## Recorded information
..............................

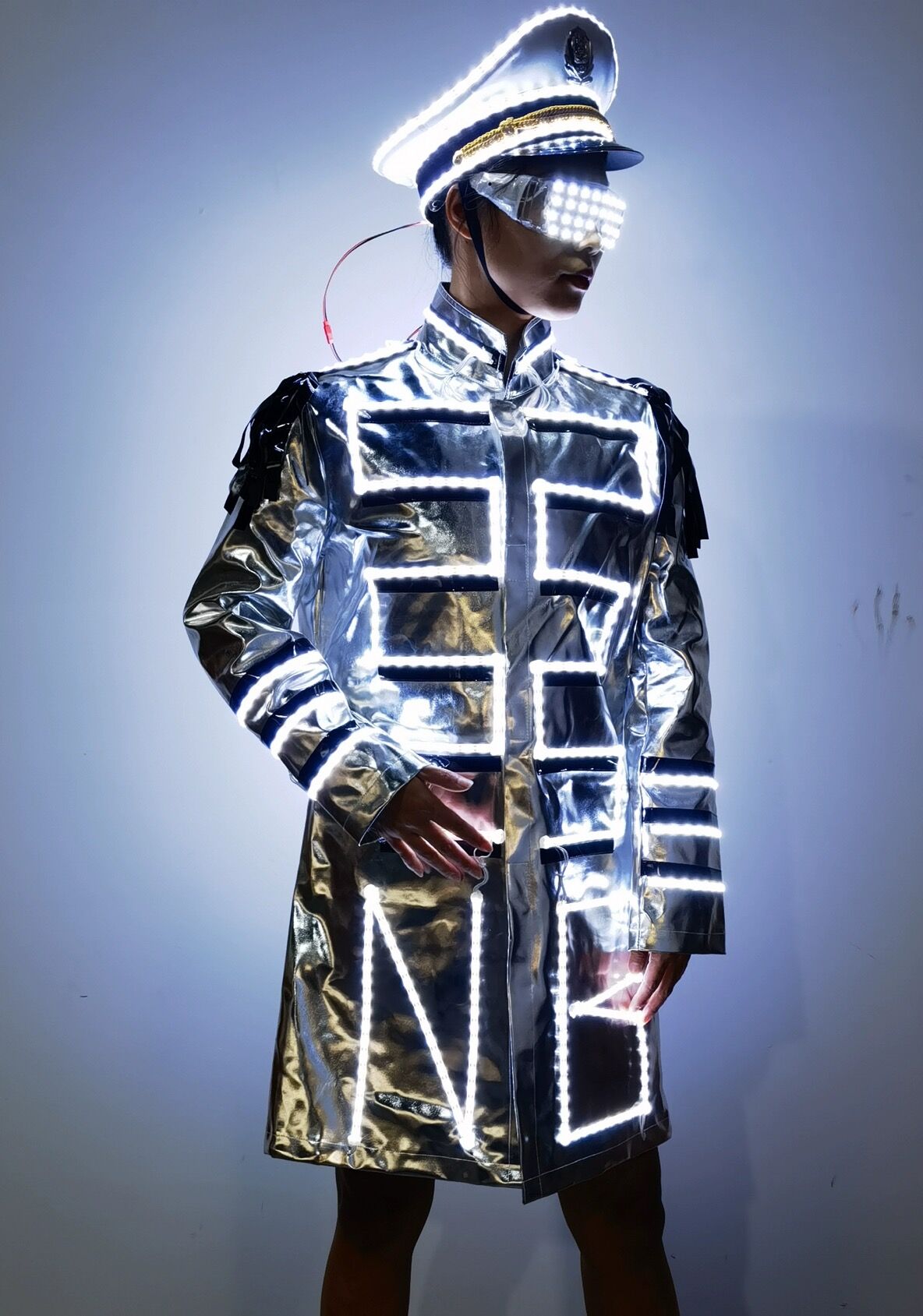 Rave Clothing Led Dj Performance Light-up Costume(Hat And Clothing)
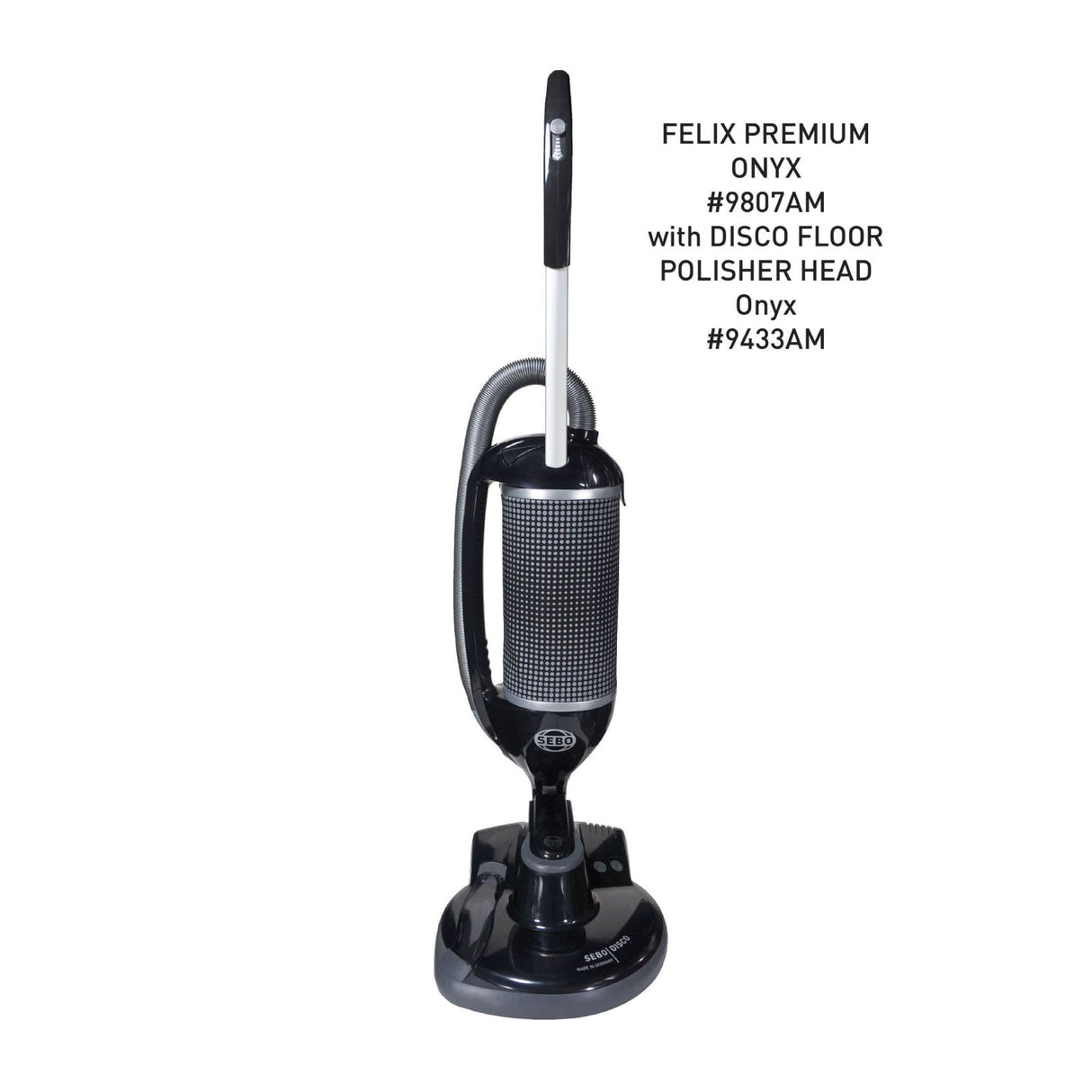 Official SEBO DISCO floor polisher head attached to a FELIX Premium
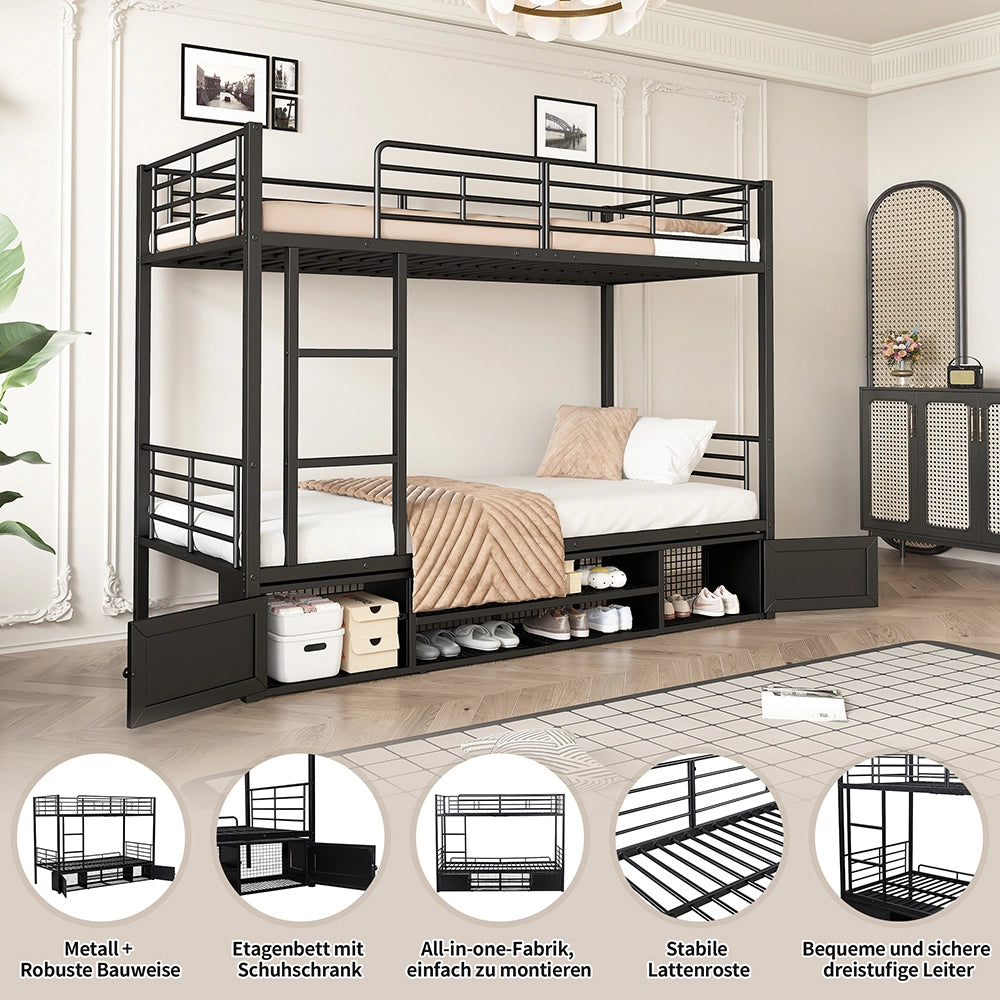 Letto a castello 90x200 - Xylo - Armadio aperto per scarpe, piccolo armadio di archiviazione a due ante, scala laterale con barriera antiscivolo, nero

..............................

## Exercise goal
After removing the pictures, transcribe the listing above exactly.

## Answer below
 Rave Clothing Led Dj Performance Light-up Costume(Hat And Clothing)
 Official SEBO DISCO floor polisher head attached to a FELIX Premium
 Letto a castello 90x200 - Xylo - Armadio aperto per scarpe, piccolo armadio di archiviazione a due ante, scala laterale con barriera antiscivolo, nero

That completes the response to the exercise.